Précédemment, s'était produite en Corse l'affaire des boues rouges de la Montedison, débutée en 1972[22]. Elle aboutit en particulier à l'ouverture d'une procédure judiciaire par un juge d'instruction de Livourne contre les dirigeants du groupe industriel en février 1973. Référence: Le Monde 24 février 1973: "L'affaire des Boues rouges, le juge d'instruction de Livourne ouvre une information contre les dirigeants de la Montedison".
Le verdict de ce contentieux est prononcé le 29 avril 1974: condamnation des pollueurs[réf.nécessaire].

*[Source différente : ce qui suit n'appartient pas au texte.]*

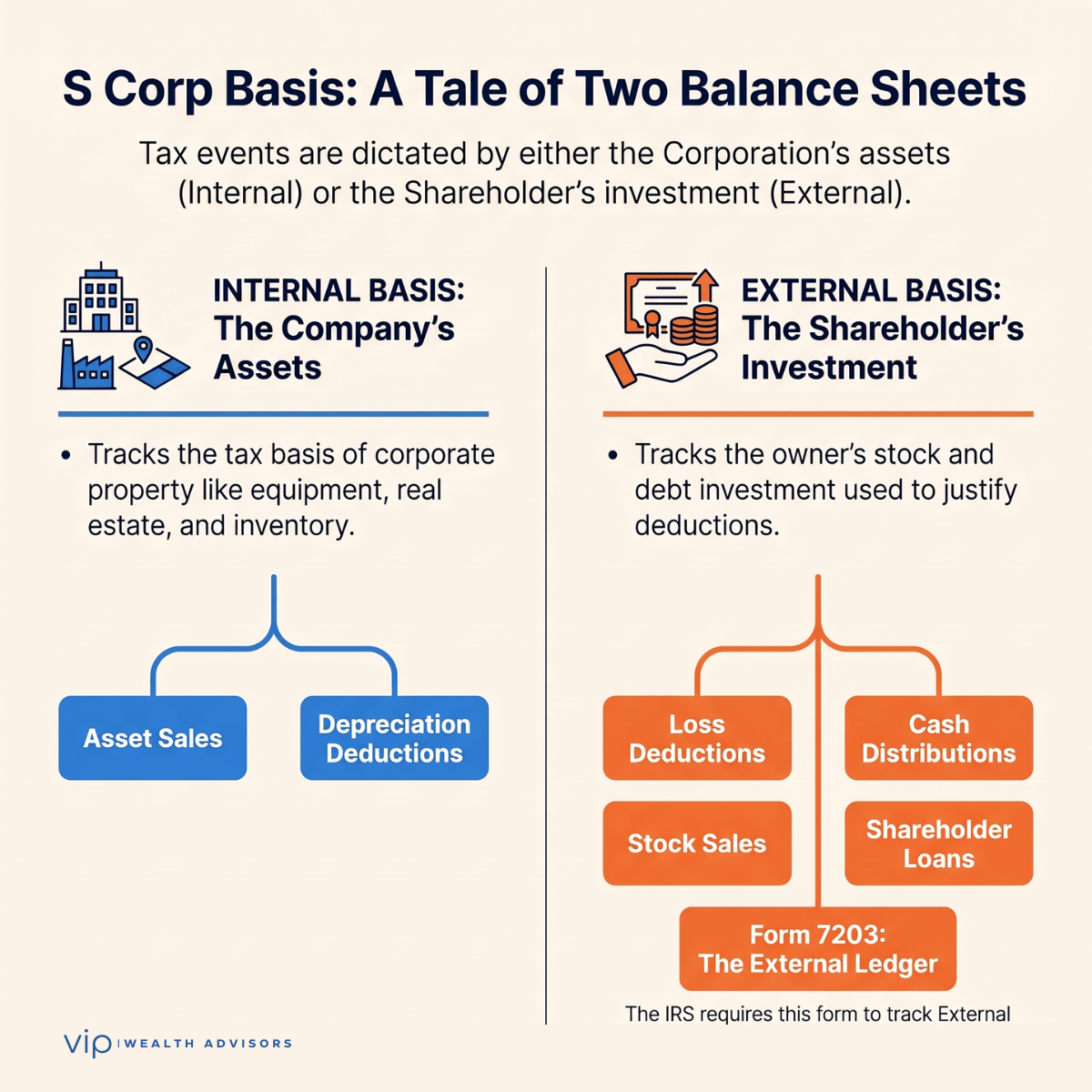 Infographic comparing S corporation internal basis and external basis, showing how corporate assets affect depreciation and asset sales while shareholder basis determines loss deductions, distributions, stock sales, loans, and Form 7203 reporting.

En 2016, l'affaire des boues rouges dans les calanques de Marseille suscite une polémique. En effet, pendant cinquante ans, des résidus polluants ont été déversés dans le parc naturel des calanques au moyen d'un tuyau de 50 kilomètres partant de l'usine Alteo, grande entreprise de production d'alumine. Ces boues rouges ont des conséquences sur l'environnement marin, elles contiennent plusieurs métaux lourds tels que le mercure et aussi de l'arsenic. Selon Le Monde et France Info, il y aurait en 2017 des millions de tonnes de boues rouges au fond de la Méditerranée[23],[24],[25],[26].
En janvier 2024, la société est mise en examen pour des rejets toxiques en Méditerranée[27]. Les dérogations prises en 2015, 2016, 2018 et 2020 autorisant l'entreprise à ne pas suivre les seuils de toxicité, avaient pour objectif de sauvegarder les emplois tout en incitant Alteo Gardanne à rectifier le tir en matière de pollution. Or, après plusieurs années, on constate toujours des taux de concentration trop élevés sur un ou plusieurs des paramètres visés par les arrêtés, parmi lesquels des métaux lourds comme le mercure, le zinc, le lithium, le cuivre ou encore l'arsenic[28].